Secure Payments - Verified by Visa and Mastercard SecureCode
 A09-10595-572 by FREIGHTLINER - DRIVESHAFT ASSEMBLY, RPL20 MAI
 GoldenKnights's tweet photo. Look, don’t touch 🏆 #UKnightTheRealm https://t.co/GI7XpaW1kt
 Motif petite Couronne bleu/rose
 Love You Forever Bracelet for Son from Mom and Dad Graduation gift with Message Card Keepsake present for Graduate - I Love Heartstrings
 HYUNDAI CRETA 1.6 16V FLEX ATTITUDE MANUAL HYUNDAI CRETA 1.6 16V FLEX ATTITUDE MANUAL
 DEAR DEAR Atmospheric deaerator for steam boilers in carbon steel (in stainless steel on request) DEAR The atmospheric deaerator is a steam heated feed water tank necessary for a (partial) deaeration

- **Task statement**:
Retype the material precisely, leaving out no line.

- **Expected answer**:
Secure Payments - Verified by Visa and Mastercard SecureCode
 A09-10595-572 by FREIGHTLINER - DRIVESHAFT ASSEMBLY, RPL20 MAI
 GoldenKnights's tweet photo. Look, don’t touch 🏆 #UKnightTheRealm https://t.co/GI7XpaW1kt
 Motif petite Couronne bleu/rose
 Love You Forever Bracelet for Son from Mom and Dad Graduation gift with Message Card Keepsake present for Graduate - I Love Heartstrings
 HYUNDAI CRETA 1.6 16V FLEX ATTITUDE MANUAL HYUNDAI CRETA 1.6 16V FLEX ATTITUDE MANUAL
 DEAR DEAR Atmospheric deaerator for steam boilers in carbon steel (in stainless steel on request) DEAR The atmospheric deaerator is a steam heated feed water tank necessary for a (partial) deaeration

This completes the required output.